Dataset items:

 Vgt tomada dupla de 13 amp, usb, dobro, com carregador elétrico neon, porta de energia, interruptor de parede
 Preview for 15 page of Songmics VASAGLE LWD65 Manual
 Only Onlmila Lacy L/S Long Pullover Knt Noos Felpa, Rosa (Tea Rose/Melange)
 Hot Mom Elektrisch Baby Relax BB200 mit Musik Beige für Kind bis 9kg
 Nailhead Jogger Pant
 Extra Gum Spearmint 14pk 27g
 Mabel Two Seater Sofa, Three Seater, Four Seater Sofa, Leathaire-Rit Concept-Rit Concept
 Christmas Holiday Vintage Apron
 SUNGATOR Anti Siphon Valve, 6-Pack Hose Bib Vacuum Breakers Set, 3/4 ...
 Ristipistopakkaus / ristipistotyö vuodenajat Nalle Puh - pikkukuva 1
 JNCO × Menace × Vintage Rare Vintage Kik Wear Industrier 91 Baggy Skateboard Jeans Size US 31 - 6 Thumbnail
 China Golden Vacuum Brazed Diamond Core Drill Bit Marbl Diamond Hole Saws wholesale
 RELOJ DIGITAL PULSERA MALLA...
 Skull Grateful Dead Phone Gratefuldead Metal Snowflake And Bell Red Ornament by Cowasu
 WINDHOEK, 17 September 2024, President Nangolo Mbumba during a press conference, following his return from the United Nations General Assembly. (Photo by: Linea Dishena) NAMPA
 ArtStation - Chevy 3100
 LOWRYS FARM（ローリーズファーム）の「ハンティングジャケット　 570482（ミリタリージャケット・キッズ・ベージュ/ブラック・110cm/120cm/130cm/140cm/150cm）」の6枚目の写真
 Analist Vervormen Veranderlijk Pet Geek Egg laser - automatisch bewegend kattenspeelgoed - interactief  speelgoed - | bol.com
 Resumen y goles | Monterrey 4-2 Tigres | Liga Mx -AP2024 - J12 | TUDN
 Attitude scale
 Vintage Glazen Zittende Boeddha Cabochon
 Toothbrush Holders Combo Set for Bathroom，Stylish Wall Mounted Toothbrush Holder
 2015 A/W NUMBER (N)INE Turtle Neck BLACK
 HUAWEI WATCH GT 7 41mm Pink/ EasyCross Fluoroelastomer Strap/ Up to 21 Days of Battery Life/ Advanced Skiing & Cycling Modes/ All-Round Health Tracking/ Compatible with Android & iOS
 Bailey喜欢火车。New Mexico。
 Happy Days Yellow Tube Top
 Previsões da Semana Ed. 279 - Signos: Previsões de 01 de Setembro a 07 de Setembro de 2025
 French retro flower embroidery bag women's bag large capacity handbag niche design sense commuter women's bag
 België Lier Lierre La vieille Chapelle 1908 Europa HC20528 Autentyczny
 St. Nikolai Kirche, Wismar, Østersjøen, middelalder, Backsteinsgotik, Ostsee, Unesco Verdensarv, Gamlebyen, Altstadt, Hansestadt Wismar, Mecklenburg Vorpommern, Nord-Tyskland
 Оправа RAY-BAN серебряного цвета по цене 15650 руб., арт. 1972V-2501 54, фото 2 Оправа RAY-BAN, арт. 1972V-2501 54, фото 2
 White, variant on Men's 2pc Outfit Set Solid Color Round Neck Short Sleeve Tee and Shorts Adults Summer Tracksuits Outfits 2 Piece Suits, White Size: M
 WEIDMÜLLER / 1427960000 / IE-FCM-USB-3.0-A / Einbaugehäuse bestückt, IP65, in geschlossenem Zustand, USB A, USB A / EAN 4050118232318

What this task involves: Word for word, restate the data above from its first line down to and including the line with "Christmas Holiday Vintage Apron".

Result of the task:
 Vgt tomada dupla de 13 amp, usb, dobro, com carregador elétrico neon, porta de energia, interruptor de parede
 Preview for 15 page of Songmics VASAGLE LWD65 Manual
 Only Onlmila Lacy L/S Long Pullover Knt Noos Felpa, Rosa (Tea Rose/Melange)
 Hot Mom Elektrisch Baby Relax BB200 mit Musik Beige für Kind bis 9kg
 Nailhead Jogger Pant
 Extra Gum Spearmint 14pk 27g
 Mabel Two Seater Sofa, Three Seater, Four Seater Sofa, Leathaire-Rit Concept-Rit Concept
 Christmas Holiday Vintage Apron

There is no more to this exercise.